Workflows can be triggered by:
TriggerDescription
ManualRun on demand from the dashboard or SDK
ScheduleRun at specific times (cron)
EventsRun when sensor data matches conditions
APITrigger from external systems via REST or MCP
Camera FrameRun on every camera frame at the edge device

Monitoring Executions

Track workflow execution status and results:
runs = cw.workflow_runs.list(workflow_uuid="workflow-uuid")

for run in runs:
    print(f"Status: {run.status}, Started: {run.started_at}")
Each execution tracks status at both the workflow level and individual node level, including started_at, finished_at, and error_message fields.

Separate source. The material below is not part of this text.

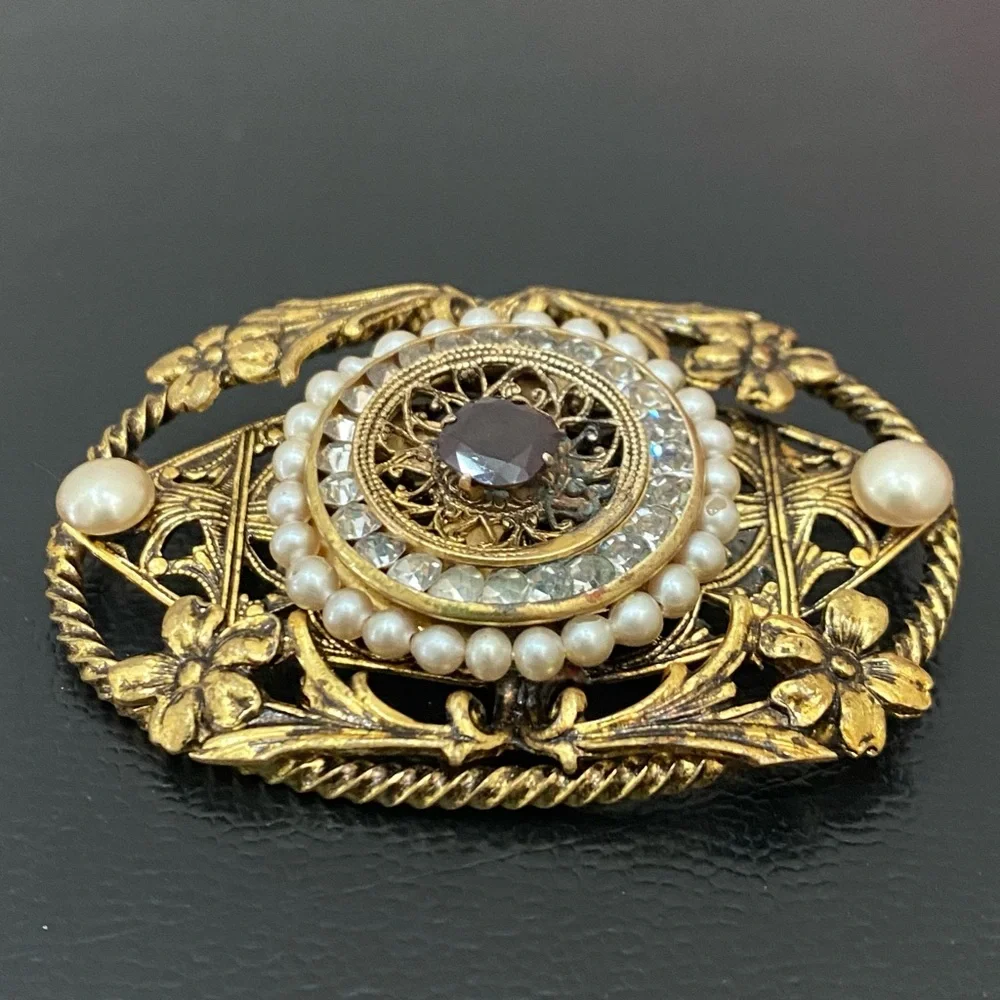 Vintage Unsigned Filigree Garnet Birthstone Faux Pearl Ornate Gold-tone Brooch - Picture 3 of 12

Check if a Workflow is Running

Use is_running() to quickly check if a workflow has any active execution without manually querying runs:
wf = cw.workflows.get("workflow-uuid")
if wf.is_running():
    print("Workflow is currently executing")
This returns True when any run has status running, waiting, or requested. In the dashboard, a Running indicator appears next to the Active badge in the workflow editor header whenever the workflow has an active execution. It refreshes automatically every 2 seconds.

Example: Edge Detection Workflow

A camera_frame workflow that runs YOLO on the edge and emits alerts:

Best Practices

  • Keep workflows focused — create separate workflows for distinct operations rather than one large workflow. This makes debugging and maintenance easier.
  • Add error handling — include condition nodes to handle failure cases gracefully. Consider what should happen if a joint can’t reach its target.
  • Use meaningful names — name nodes and workflows descriptively. “Alert on person in zone A” is better than “Node 1”.
  • Use on_enter emit mode for alerts — avoids flooding with repeated events while the same object stays in frame.
  • Set appropriate cooldowns — balance between responsiveness and event volume. 5s is a safe default; lower for time-critical use cases.
  • Eject before customising — never edit wf_*.py files directly. Copy them to a custom name and deactivate the originating workflow.